Ouverture de négociations en vue d’un accord avec les États-Unis d’Amérique sur le renforcement des chaînes internationales d’approvisionnement en minerais critiques (débat)
Monsieur le Président, Madame la Commissaire, chers collègues, je soutiens l'ouverture des négociations sur cet accord tout en sous-tendant pleinement les questions qui ont été formellement posées en introduction à ce débat. Je félicite la Commission pour ses efforts et ses résultats, et j'espère que l'ensemble de l'UE acquis en ce qui concerne le commerce, le développement et le travail forcé, cet accord sera pleinement respecté. En outre, cet accord a le potentiel de répondre à bon nombre de nos préoccupations et de fournir un cadre pour la création de chaînes de valeur et d'approvisionnement durables. Néanmoins, ce n’est pas une solution, mais un pas en avant pour atténuer les conséquences auxquelles les entreprises européennes sont confrontées depuis l’adoption de la loi sur la réduction de l’inflation. Nous devons nous appuyer sur cet accord et coopérer avec les pays d'origine de ces minéraux critiques, tout en réduisant les dépendances stratégiques indésirables. Nos politiques étrangères et commerciales communes, ainsi que nos ambitions géopolitiques, sont étroitement liées et ne peuvent atteindre leur plein potentiel que si elles sont cohérentes.

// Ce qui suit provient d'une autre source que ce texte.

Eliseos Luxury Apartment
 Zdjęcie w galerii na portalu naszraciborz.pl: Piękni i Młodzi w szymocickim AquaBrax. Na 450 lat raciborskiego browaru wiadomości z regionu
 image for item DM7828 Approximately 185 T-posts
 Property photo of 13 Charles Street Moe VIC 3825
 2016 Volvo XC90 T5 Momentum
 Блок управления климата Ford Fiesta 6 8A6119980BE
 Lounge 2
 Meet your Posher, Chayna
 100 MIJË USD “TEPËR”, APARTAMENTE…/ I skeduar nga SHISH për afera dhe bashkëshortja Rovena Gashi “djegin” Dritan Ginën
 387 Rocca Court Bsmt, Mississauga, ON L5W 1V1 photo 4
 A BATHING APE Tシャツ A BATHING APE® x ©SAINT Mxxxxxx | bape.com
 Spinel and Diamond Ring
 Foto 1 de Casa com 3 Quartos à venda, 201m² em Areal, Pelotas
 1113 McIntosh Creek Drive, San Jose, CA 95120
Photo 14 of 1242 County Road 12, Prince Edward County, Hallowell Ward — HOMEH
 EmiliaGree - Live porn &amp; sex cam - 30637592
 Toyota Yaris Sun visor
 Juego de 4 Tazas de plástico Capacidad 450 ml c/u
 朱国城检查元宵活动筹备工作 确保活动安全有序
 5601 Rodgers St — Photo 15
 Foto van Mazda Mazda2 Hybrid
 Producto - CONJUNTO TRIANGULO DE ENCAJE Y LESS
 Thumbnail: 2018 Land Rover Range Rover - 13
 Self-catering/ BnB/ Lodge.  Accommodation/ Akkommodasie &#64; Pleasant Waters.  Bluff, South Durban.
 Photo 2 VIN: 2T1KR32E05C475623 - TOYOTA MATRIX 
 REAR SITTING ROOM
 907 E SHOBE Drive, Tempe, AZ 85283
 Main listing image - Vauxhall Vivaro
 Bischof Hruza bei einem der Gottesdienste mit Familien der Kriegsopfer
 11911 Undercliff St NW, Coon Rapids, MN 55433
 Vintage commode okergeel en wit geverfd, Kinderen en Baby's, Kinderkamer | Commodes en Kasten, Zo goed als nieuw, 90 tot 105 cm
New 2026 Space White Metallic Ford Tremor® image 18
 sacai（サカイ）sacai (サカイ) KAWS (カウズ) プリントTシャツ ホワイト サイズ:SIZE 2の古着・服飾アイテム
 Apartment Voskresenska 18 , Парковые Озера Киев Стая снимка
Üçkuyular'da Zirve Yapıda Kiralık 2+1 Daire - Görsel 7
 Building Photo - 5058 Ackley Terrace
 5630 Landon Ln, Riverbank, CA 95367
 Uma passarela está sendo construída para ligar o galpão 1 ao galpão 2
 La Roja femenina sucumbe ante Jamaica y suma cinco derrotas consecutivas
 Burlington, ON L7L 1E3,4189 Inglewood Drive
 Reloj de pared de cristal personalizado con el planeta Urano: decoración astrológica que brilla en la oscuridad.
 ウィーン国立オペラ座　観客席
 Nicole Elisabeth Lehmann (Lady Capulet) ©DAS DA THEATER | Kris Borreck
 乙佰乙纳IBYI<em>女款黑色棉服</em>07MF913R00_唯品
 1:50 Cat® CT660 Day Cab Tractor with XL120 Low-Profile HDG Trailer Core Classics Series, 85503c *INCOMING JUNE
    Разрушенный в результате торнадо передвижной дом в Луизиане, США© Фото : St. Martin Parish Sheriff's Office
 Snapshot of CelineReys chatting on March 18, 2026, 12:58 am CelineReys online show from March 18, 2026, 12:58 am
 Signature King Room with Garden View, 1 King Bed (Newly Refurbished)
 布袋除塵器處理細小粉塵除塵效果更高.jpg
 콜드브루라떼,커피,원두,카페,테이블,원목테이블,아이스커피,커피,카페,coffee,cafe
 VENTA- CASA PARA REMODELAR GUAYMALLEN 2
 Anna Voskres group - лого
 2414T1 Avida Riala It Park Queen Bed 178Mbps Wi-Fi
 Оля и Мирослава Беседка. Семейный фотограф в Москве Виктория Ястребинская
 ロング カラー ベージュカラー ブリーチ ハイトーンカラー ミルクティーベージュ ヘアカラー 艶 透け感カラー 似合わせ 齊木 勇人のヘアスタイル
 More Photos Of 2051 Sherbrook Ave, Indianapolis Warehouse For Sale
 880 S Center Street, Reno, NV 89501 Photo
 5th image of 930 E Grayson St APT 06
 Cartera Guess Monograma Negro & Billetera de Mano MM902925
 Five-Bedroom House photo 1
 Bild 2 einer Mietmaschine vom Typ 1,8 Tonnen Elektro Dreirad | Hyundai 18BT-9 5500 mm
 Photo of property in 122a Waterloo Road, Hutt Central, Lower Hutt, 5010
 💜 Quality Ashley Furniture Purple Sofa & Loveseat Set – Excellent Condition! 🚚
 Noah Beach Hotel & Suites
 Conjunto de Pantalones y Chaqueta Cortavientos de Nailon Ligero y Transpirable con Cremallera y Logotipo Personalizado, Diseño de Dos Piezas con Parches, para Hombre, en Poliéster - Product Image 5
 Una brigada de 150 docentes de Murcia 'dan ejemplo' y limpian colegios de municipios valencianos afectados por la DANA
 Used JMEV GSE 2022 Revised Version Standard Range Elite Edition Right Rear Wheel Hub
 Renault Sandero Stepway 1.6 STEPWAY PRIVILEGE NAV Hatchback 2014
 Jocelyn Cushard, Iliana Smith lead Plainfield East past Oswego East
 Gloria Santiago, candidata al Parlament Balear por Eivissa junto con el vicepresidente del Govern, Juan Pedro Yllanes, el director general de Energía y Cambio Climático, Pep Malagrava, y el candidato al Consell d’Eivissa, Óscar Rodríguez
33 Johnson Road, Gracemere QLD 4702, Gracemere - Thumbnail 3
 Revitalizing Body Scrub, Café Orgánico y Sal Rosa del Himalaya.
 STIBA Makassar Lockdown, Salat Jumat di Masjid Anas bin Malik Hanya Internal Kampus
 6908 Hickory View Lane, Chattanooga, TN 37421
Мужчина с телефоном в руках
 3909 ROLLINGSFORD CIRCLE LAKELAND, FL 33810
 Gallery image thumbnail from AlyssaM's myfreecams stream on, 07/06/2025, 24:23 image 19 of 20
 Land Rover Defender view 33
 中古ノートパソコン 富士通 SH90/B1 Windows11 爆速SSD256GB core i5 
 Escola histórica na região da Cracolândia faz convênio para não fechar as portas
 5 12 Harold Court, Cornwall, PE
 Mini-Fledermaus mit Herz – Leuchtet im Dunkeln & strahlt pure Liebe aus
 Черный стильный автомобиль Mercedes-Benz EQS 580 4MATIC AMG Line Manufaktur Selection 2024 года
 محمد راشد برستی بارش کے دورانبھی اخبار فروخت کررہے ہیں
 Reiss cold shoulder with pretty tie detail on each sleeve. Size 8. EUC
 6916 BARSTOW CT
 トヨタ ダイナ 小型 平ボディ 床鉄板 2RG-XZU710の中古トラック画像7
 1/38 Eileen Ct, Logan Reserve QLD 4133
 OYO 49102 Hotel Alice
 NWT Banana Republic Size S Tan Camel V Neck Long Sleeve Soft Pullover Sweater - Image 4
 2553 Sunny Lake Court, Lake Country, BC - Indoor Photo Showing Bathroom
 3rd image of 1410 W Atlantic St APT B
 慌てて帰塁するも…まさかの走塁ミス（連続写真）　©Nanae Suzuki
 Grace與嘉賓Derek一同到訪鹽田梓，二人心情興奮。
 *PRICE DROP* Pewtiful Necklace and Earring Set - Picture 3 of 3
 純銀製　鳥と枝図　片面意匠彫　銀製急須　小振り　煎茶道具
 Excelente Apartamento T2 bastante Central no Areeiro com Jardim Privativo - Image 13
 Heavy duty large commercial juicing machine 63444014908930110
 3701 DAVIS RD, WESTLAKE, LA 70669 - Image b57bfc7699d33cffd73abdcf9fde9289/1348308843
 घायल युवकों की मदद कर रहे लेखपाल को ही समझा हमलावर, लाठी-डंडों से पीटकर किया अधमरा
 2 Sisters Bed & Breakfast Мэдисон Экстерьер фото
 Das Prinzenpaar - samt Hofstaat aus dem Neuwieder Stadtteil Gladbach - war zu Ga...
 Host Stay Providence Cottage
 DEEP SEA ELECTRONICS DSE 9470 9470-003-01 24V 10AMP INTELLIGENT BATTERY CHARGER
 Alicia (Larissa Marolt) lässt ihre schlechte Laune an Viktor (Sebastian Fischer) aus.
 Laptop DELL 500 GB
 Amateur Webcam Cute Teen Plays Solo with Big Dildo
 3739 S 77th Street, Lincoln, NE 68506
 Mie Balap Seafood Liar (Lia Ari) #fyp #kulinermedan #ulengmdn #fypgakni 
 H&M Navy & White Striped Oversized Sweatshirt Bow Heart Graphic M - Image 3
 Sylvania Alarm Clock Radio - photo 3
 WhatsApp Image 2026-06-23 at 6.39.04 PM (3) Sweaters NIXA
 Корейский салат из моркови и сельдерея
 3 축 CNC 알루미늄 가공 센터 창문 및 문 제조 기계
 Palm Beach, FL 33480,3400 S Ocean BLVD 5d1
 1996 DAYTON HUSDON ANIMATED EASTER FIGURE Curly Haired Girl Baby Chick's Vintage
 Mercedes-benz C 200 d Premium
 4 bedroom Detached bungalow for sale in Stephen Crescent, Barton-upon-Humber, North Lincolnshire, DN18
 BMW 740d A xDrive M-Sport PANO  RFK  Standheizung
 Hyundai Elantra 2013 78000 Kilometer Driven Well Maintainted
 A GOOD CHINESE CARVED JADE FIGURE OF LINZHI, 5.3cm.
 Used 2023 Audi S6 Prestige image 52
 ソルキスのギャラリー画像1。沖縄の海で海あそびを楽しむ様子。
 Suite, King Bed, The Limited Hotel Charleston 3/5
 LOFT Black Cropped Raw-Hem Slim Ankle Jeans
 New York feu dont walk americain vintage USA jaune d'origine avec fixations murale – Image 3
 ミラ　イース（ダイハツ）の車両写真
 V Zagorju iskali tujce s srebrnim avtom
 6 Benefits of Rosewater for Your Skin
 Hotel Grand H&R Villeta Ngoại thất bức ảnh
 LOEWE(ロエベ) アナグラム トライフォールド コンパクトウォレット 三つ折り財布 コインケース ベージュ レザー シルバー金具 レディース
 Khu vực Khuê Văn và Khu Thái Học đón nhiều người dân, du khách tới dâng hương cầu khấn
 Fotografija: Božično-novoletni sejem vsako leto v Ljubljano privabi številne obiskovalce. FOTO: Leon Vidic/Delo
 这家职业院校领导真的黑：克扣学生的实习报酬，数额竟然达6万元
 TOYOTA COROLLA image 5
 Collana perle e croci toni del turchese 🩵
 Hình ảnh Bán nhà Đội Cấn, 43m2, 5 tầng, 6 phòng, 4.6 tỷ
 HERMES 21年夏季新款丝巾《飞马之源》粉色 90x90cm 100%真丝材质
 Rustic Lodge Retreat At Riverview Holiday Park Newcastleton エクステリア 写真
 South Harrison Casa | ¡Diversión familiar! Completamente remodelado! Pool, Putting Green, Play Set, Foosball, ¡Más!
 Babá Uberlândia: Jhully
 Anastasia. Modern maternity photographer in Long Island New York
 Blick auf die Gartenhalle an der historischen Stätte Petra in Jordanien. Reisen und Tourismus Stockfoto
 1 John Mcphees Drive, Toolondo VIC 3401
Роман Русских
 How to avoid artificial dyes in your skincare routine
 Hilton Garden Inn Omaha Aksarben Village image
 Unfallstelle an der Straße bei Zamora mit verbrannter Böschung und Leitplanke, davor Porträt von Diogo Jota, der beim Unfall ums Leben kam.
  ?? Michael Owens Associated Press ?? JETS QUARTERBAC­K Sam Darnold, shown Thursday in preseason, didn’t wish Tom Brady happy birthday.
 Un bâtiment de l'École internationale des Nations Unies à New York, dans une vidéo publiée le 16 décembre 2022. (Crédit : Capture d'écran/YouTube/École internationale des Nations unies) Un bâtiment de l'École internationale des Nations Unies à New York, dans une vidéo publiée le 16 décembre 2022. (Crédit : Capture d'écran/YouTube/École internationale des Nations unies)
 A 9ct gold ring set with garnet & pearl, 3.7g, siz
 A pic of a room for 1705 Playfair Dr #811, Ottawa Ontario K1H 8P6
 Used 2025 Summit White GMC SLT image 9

Exportations ukrainiennes de céréales après la sortie de la Russie de l’initiative céréalière de la mer Noire (débat)
–Madame la Présidente, Madame la Commissaire, chers collègues, nous assistons à une autre forme de chantage, à une autre cascade de la part du régime de Moscou. Les soi-disant faits que les propagandistes du Kremlin forgent sont faux, mais continuent de servir son récit manipulateur, diffusant ainsi de la désinformation. Les actions récentes de Poutine en Afrique sont particulièrement importantes dans ce contexte. Comme d'habitude, il accuse l'Occident de tout, essayant de doubler l'opinion publique dans les pays du Sud où la majeure partie du blé de l'initiative de la mer Noire a été exportée. À cet égard, je me félicite de l'accord conclu entre l'Ukraine et la Croatie. Cela signifie que les ports croates peuvent être utilisés comme itinéraire alternatif pour l'exportation de céréales. Quoi qu’il en soit, il est essentiel que la Commission fournisse des solutions réalisables et durables à ce problème, qui protègent les intérêts des agriculteurs de l’UE et tiennent compte des besoins ukrainiens. En conclusion, cette crise nous a montré que la garantie de la sécurité alimentaire devait être acceptée comme une priorité essentielle et à long terme de la stratégie globale de l’UE.